动物造模 z-bio 2021-07-26 473

　　Objective: To use patient-derived clear cell renal cell carcinoma (ccRCC) cells (patient-derived cells, PDC) to detect the sensitivity of ccRCCPDC to molecularly targeted drugs for clinical diagnosis and treatment and experimental evidence.

　　Methods: ccRCCPDC was inoculated subcutaneously in nude mice, and the molecular target drugs sunitinib, sorafenib, lenvatinib, regorafenib, and apati were administered orally. Ni, Anlotinib. The inhibitory effect of the drug on the subcutaneous tumorigenesis of ccRCCPDC in nude mice. Collect cell and tumor tissue samples, use quantitative PCR technology to detect molecular targeted drug targets (VEGFR and other receptor tyrosine protein kinases and other protein kinases belonging to the ERK, AKT, and MAPK signaling pathways) to determine the genetic background of ccRCCPDC During the experiment. Is it stable?

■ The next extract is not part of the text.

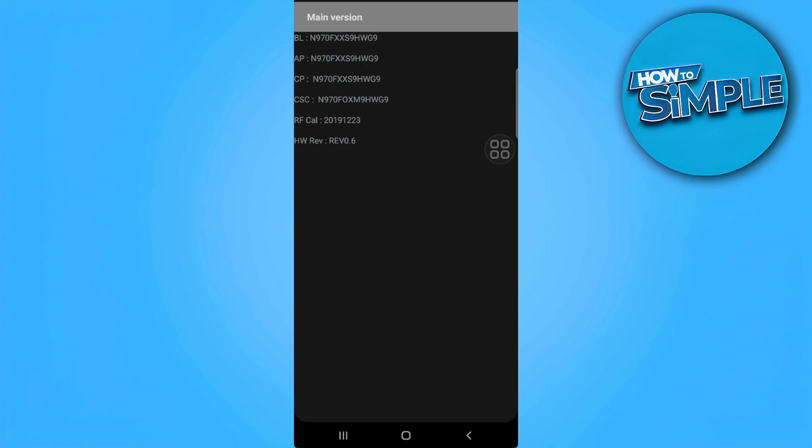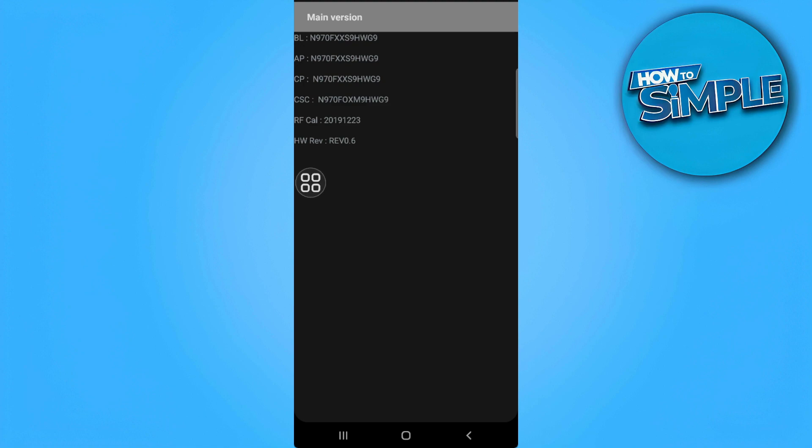But this code varies depending on what model your phone is or what brand. As you can see from here, I'll be able to see the activation date of my phone. It's right here. My phone has been activated 2019 December 23.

　　Result: We successfully obtained 5 strains of ccRCCPDC, inoculated the above-mentioned ccRCCPDC into nude mice, and obtained a nude mouse subcutaneous tumor model of kidney cancer. In the process of culturing PDC cells in vitro, molecular targeted drug targets are reduced or lost, but due to nude mouse tumor formation, PDC cells proliferate, and the expression of molecular targeted drug targets in tumor tissues is relatively stable. Molecular targeted drugs have a relatively stable effect on the skin. The inhibitory effect of ccRCCPDC nude mice has obvious individual differences in the source of tumors in nude mice. Among the selected targeted drugs, lenvatinib has stronger anti-tumor activity than some other targeted drugs.

　　Conclusion: This study can use patient-derived renal clear cell carcinoma cell lines to establish a kidney cancer animal model, which provides theoretical and experimental basis for related clinical diagnosis and treatment. Drug cells.